U.S. foreign and immigration policy is responsible for much of the pressure causing the flow of people from Central America. The tide of Central American migration began during wars promoted by U.S. President Ronald Reagan in the 1980s, in which he armed regimes and contra armies opposed to progressive social change. Two million Salvadorans alone came to the U.S. during the late 1970s and 80s, along with thousands of Guatemalans and Nicaraguans. Whole families fled, leaving loved ones behind with the hope that some day they’d be reunited.

Subsequently the North American and Central American Free Trade Agreements and structural adjustment policies required privatization of businesses in Mexico and Central America and cuts in their social budgets. Treaties and econoomic reforms accelerated the forced displacement of communities by foreign mining projects. Huge U.S. corporations dumped corn and other agricultural products in Mexico and Central America, driving rural families off their lands when they could not compete.
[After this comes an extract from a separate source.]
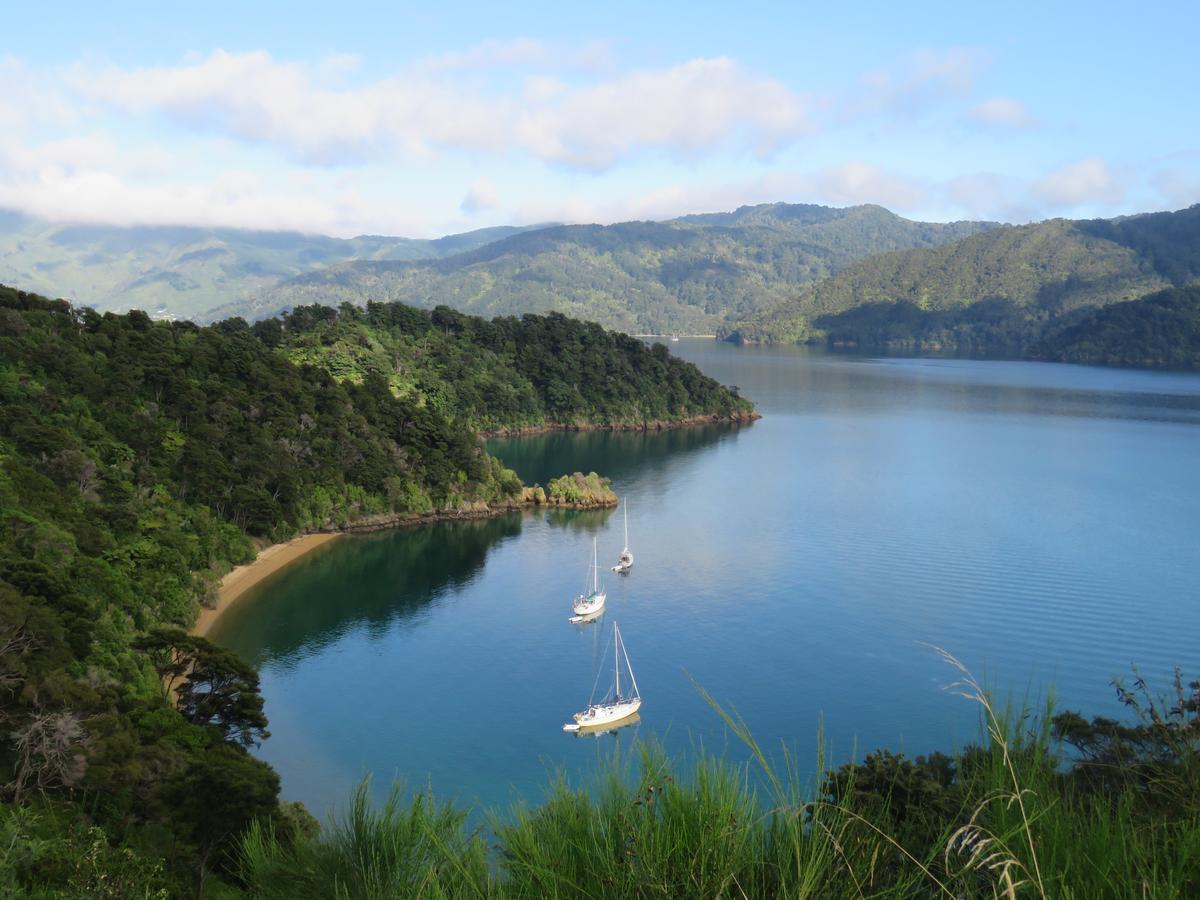 Waterfront Bed And Breakfast Picton Eksteriør bilde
When governments or people resisted NAFTA and CAFTA, the United States threatened reprisals. In El Salvador in 2004 Otto Reich, Assistant Secretary of State for Western Hemisphere Affairs, threatened to cut off the flow of remittances (money sent back home from family members working in the U.S.) if people voted for a leftwing party, the FMLN. The FMLN lost, and the following year a rightwing government signed CAFTA. In 2009 Honduras’ wealthy elite overthrew President Manuel Zelaya because he raised the minimum wage, gave subsidies to small farmers, cut interest rates and instituted free education. The Obama administration gave a de facto approval to the coup regime that followed.

Young people from Central America arriving in Los Angeles and big U.S. cities were recruited into gangs. U.S. law enforcement and immigration authorities then targeted Central American youth with a huge program of deportations. In Central America this policy led to the growth of gang violence. In El Salvador, Guatemala and Honduras, U.S. law enforcement assistance pressured local law enforcement to adopt a “mano dura” or hardline approach to gang members, leading to the incarceration of many young people deported from the U.S. almost as soon as they arrived.
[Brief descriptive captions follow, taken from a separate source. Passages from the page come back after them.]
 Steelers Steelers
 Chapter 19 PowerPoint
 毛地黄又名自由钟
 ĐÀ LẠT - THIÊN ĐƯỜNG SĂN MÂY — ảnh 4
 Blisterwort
El Salvador, which today has a leftwing FMLN government, has a commitment to a policy of jobs and economic development, to provide an alternative to migration. But in Guatemala and Honduras, the U.S. is supporting very rightwing governments who only use a heavy enforcement approach, supported by U.S. funding and assistance.
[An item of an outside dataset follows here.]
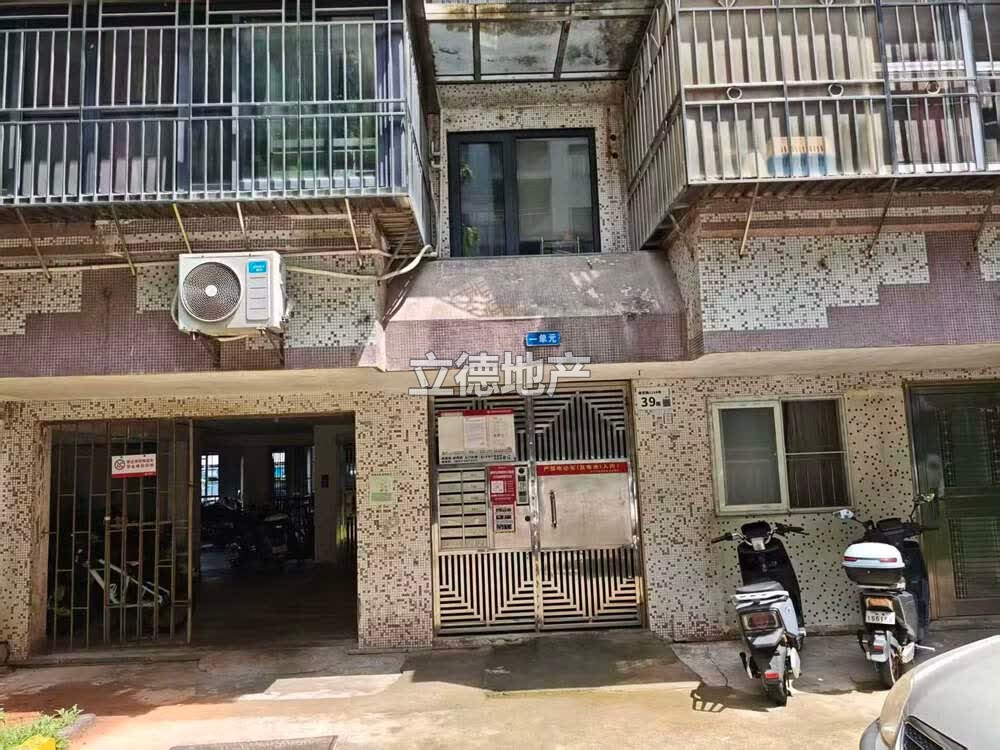 深圳市福田区莲花路莲花北39栋502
Discussion of these root causes for migration has been almost entirely absent in the U.S. media. Politicians in Washington now even call for repeating the same steps that led to this migration in the first place. New Jersey Democratic Senator Bob Menendez, for instance, called for increasing funding for the U.S. military’s Southern Command and the State Department’s Central American Security Initiative, giving millions of dollars to the army and police in Central American rightwing regimes. President Obama’s request for US$3.7 billion included that funding.

And while retreating on promises to slow deportations, the administration began implementing a fast deportation policy for Central American youth, despite its dubious legality. This measure will cause more pain for families, but fail completely to stop migration. More people will continue to come to the U.S., driven by poverty and repression, made worse by pro-corporate trade agreements and foreign intervention. At the same time, at current deportation rates, about 70,000 people will be deported just between the time of the President’s announcement of the delay and the November election.

“He has stabbed us in the back,” said Veronica Noriega, who recently undertook a hunger strike to demand the release of her husband, Ramon Mendoza Pascual, from detention at the Tacoma Detention Center. “The Republicans openly said ‘no’ to us, but the President deceived us.” Villapando added bitterly. “We know our long-term prospects better than anyone – the President has made us experts in our own suffering by unrolling policy after devastating policy targeting our families and communities. We know what needs to happen. The President has failed to listen to us, and now he has failed to act.”